Ha renovado la escultura contemporánea con sus piezas, liliputienses o colosales, que crean una tensión entre nuestro universo real y un mundo fantasmagórico. Sus personajes parecen inmersos en sus pensamientos, vivos, sólo les falta la palabra y el movimiento. Mueck se adentra en las esferas psicológicas de personajes complejos, cuyas vidas se inducen a través de la puesta en escena de cada uno de ellos. Lo que resulta inquietante es que nos reconocemos en sus obras de silicona, como si intuyéramos que nuestro destino es ser de plástico, biónicos y replicantes de nosotros mismos.
En 10 años ha creado 36 piezas. Sólo una de ellas a tamaño real. La última la tituló A Girl, que se exhibe en el Centro de Arte Contemporáneo de Málaga (CAC) desde el próximo viernes hasta el 17 de junio. Se trata de un bebé de seis metros, creado en 2006 para una exposición en Edimburgo, Escocia.

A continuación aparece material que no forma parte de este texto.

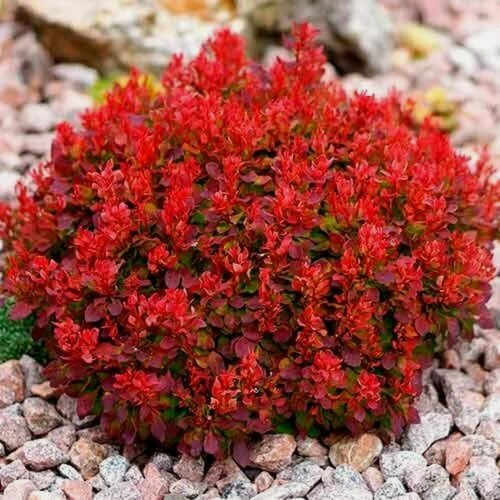 Изображение товара Барбарис Ред Джевел (Berberis Red Jewel) / 1 шт, морозостойкий сорт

Minuciosidad. El CAC de Málaga expone A Girl acompañada de otras esculturas, fotografías, dibujos y maquetas, en una muestra que recorrerá centros de arte de todo el mundo. Mueck ha sido la gran apuesta del CAC para esta temporada. En Londres este bebé fue visto por 300.000 visitantes que provocaron largas colas. El año pasado en la Fundación Cartier de París 120.000 personas tuvieron que esperar horas para acceder a las salas. En Málaga ocurrirá otro tanto.

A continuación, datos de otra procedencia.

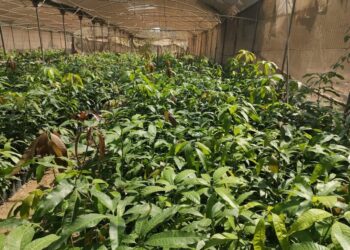 معهد البساتين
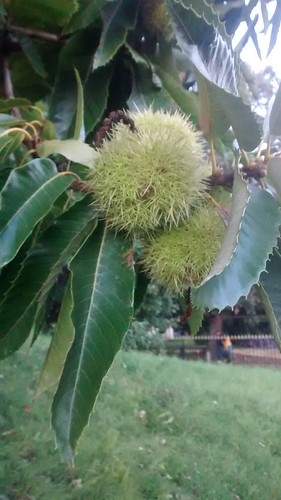 sweet chestnuts Sept 17 (4)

Para crear una obra como A Girl, Mueck primero modela en arcilla en una escala pequeña y manejable, para tener una referencia. Luego perfila la obra a tamaño real, la vacía en un molde que divide en trozos y los reensambla para formar el esqueleto de la figura. Después lo recubre con una piel de alambre y yeso. Dada la forma, toca la cosmética, una labor de filigrana para reproducir la piel en sus mínimos detalles. Recrea la textura de cada poro, las anfractuosidades de cada pliegue, la exactitud de cada folículo. El hecho de que el color de la piel no esté pintado en la superficie de la escultura, sino incrustado en el propio material, confiere a la carne un aspecto ligeramente translúcido, que enfatiza la verosimilitud. Con un segundo vaciado, el artista entra en tensión. Se requiere una atención extrema y una fuerza considerable, un movimiento en falso puede dar al traste con semanas de trabajo. A Girl vio la luz con ayuda de muchas manos, delicadas y fuertes, y de muchos litros de lubricante.

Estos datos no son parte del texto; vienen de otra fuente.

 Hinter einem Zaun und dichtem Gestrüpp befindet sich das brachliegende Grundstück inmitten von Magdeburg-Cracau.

Sólo cuando la escultura fue liberada del molde, Mueck pinta en su superficie detalles como venas o pecas. Una capa de barniz puede hacer que la carne sea más mate o, como en el caso de A Girl, brillante y húmeda. Los cabellos se insertan minuciosamente de uno en uno, hay que perforar un diminuto agujero para cada uno de ellos. Sólo quedan los ojos. Mueck cree que es el toque definitivo, como insuflar el alma a la criatura para que cobre vida. El colofón es premioso. Coloca una lente transparente sobre un iris de color y una pupila negra y profunda. Al bebé solo le falta romper a llorar.
Al hermético artista no le gusta hablar de los efectos que provoca: «No sé por qué estoy haciendo esto, pero tampoco sé qué otra cosa debería estar haciendo. No me siento dirigido por el arte, simplemente es lo único que puedo hacer». Espléndidos o irrisorios, deseables o inquietantes, los cuerpos de Ron Mueck simulan un reflejo clónico de lo real; pero sólo son artificios, trampantojos. «Mis obras sólo son objetos en un cuarto», confiesa.
Objetos que se cotizan por encima del millón de euros y que nadie pondría en el salón de casa porque no caben o porque atormentarían el sueño. Su galerista Anthony D’Offay –que ha exhibido en su espacio londinense de Dering Street a Beuys, Lucian Freud o Warhol– ha revelado que las ideas de Mueck le visitan en sus sueños. Este australiano es un urdidor de espejismos. Baudelaire se preguntaba en 1846: «¿Por qué es tan aburrida la escultura?». Si hubiera visto las obras de Mueck su pregunta carecería de sentido.